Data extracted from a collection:
Start of Block
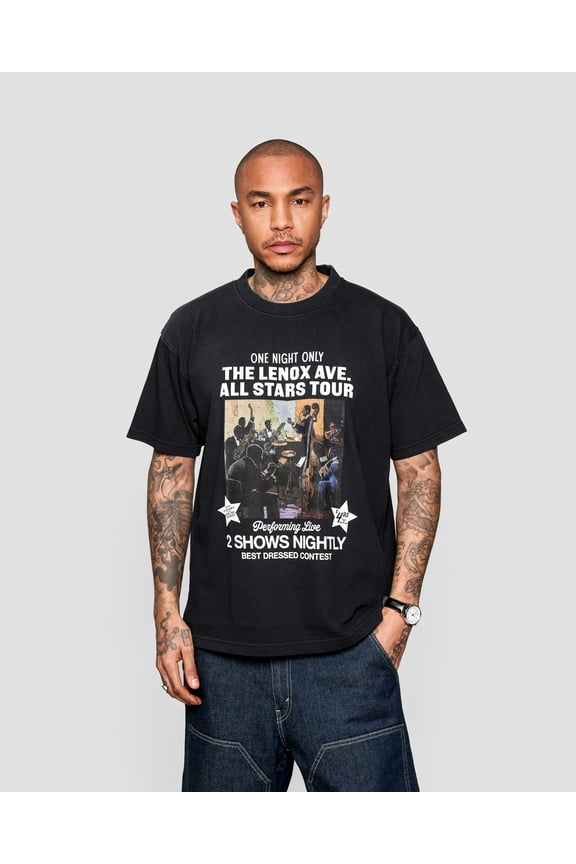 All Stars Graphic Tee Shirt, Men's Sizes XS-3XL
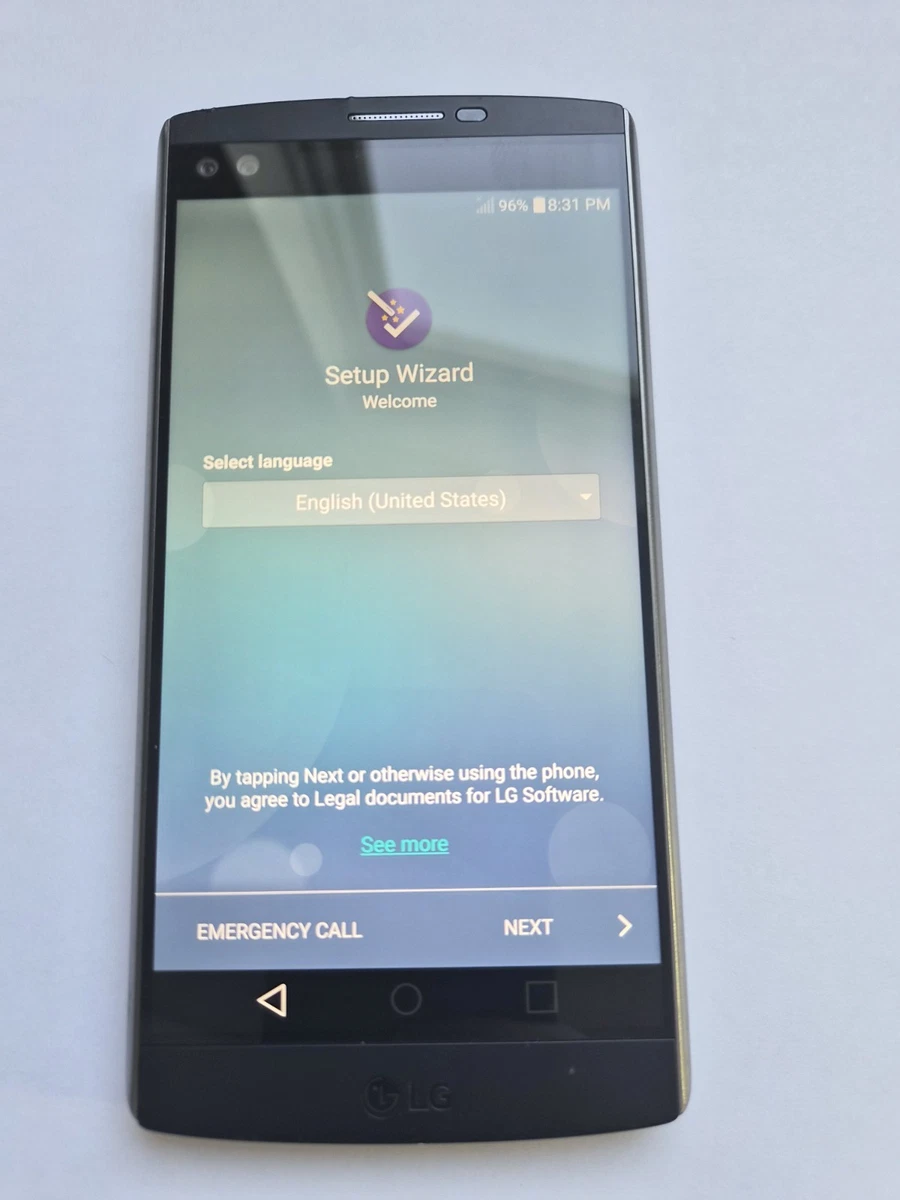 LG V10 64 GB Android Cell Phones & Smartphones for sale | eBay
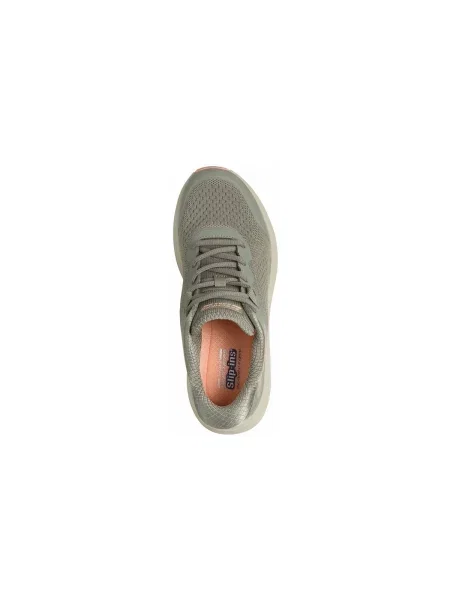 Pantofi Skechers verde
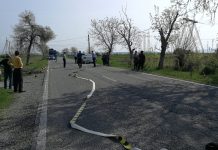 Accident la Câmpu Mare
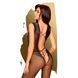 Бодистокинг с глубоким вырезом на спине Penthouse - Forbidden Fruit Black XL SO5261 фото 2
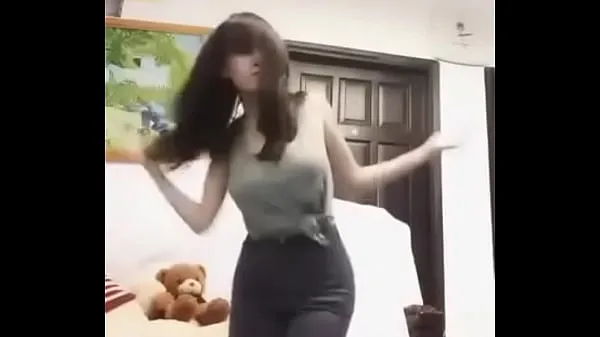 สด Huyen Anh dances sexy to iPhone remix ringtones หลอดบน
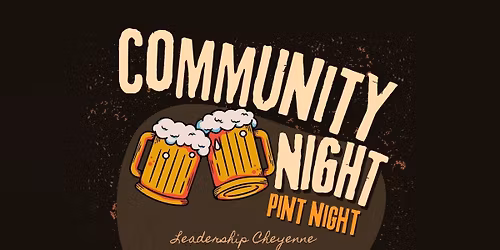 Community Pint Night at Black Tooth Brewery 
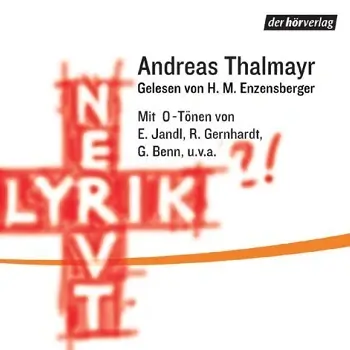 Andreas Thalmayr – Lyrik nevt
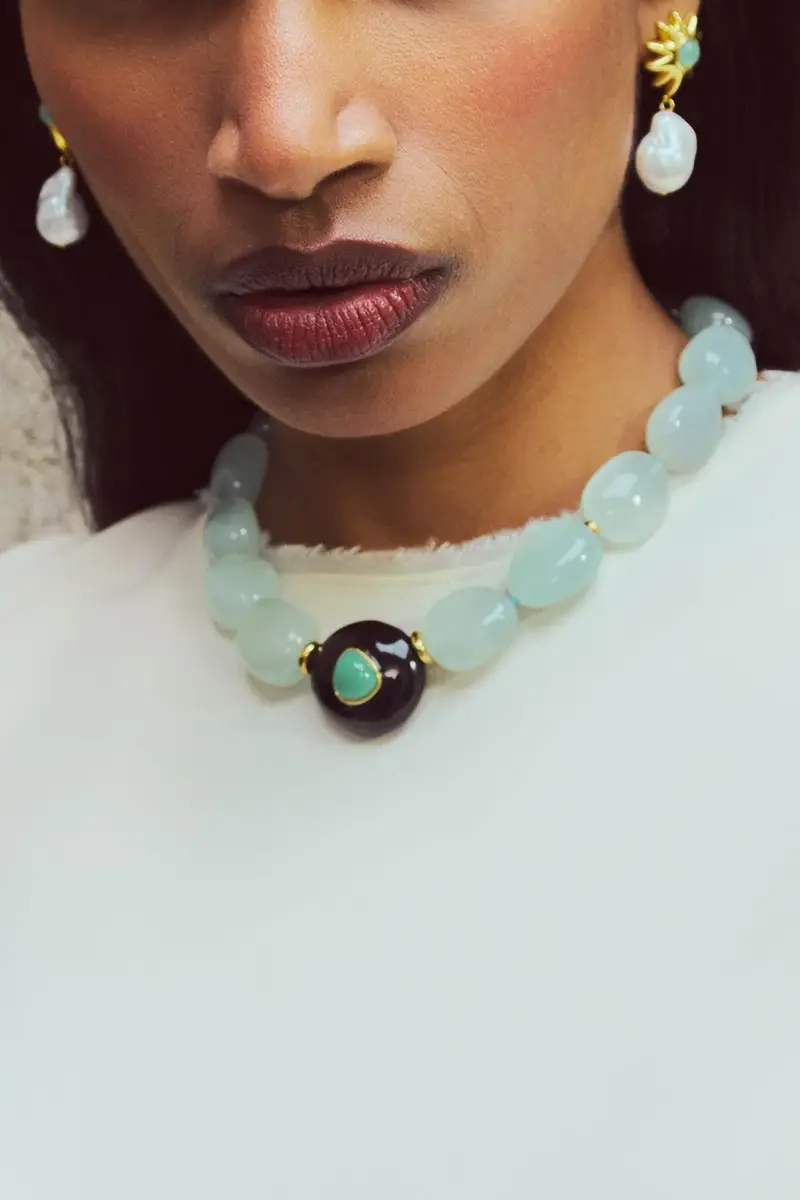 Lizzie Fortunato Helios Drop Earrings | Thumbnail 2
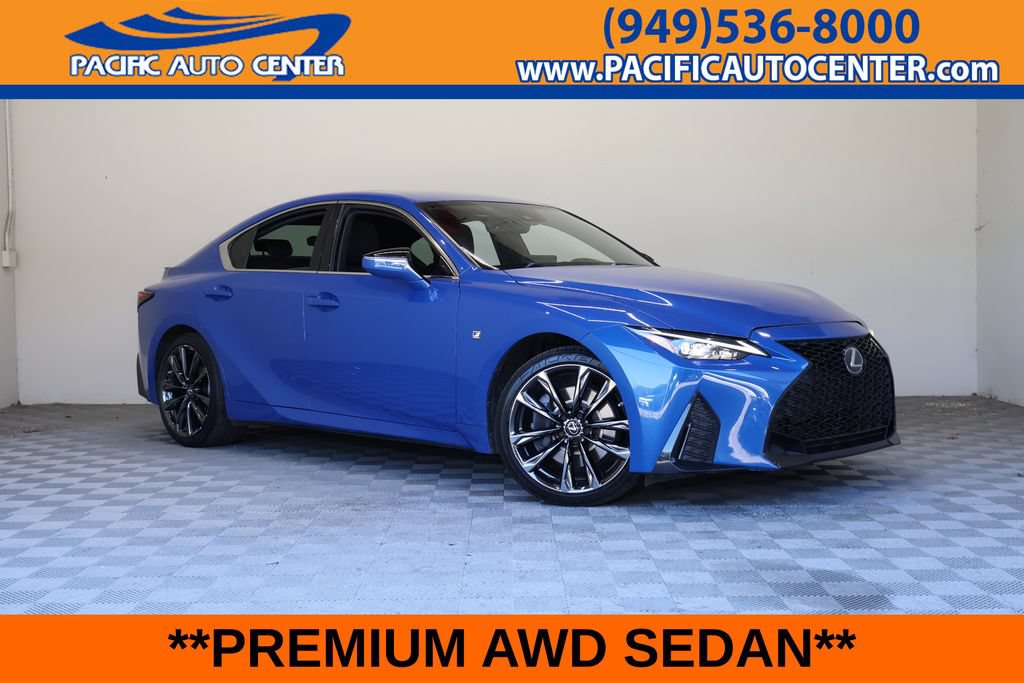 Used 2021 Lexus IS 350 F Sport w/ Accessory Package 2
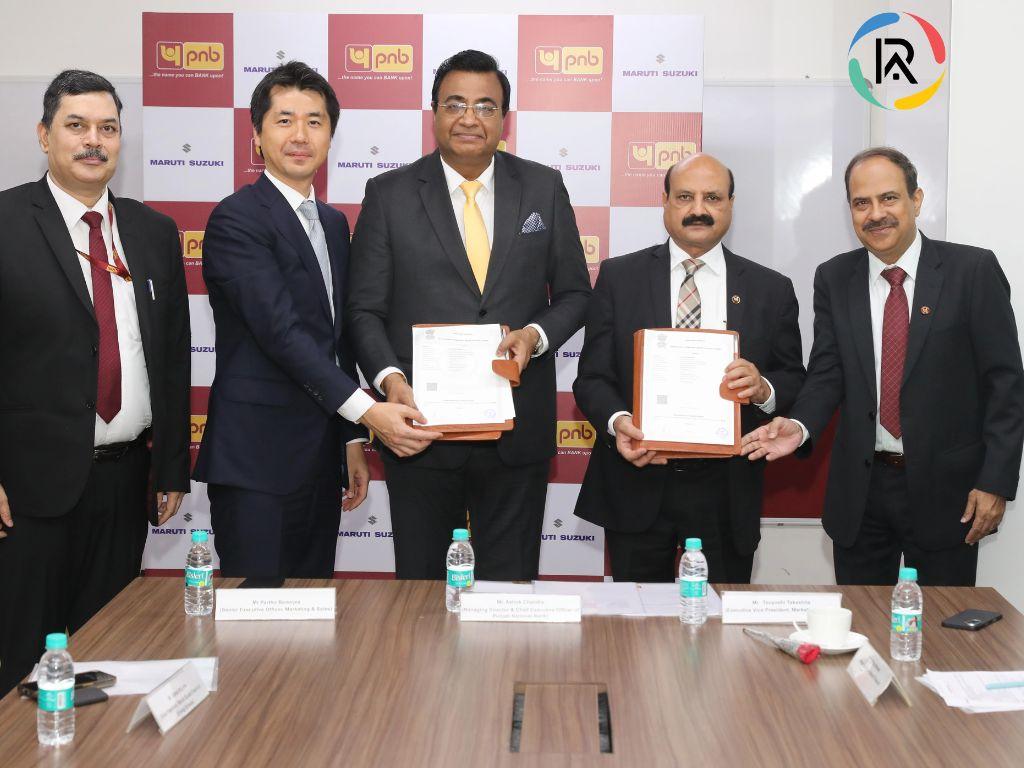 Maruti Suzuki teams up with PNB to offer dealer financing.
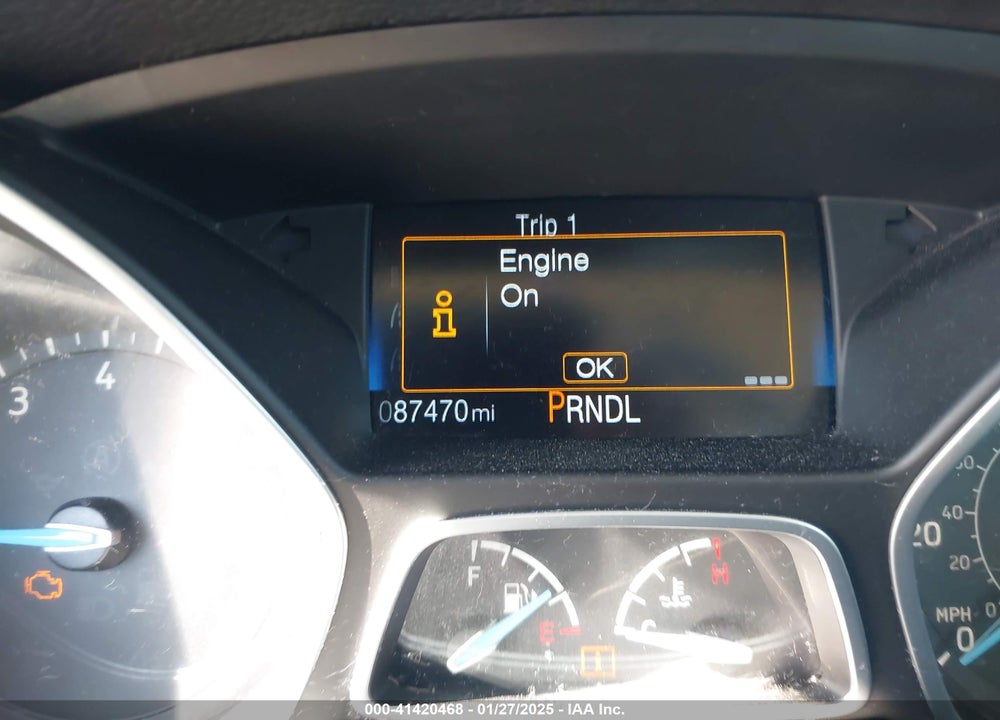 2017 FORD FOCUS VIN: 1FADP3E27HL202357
End of Block
**Task objective**: Take the entries above and copy exactly the lines starting at the one with "LG V10 64 GB" and ending at the one with "สด Huyen Anh"; nothing outside that span, and no pictures.

**Response to the exercise**:
 LG V10 64 GB Android Cell Phones & Smartphones for sale | eBay
 Pantofi Skechers verde
 Accident la Câmpu Mare
 Бодистокинг с глубоким вырезом на спине Penthouse - Forbidden Fruit Black XL SO5261 фото 2
 สด Huyen Anh dances sexy to iPhone remix ringtones หลอดบน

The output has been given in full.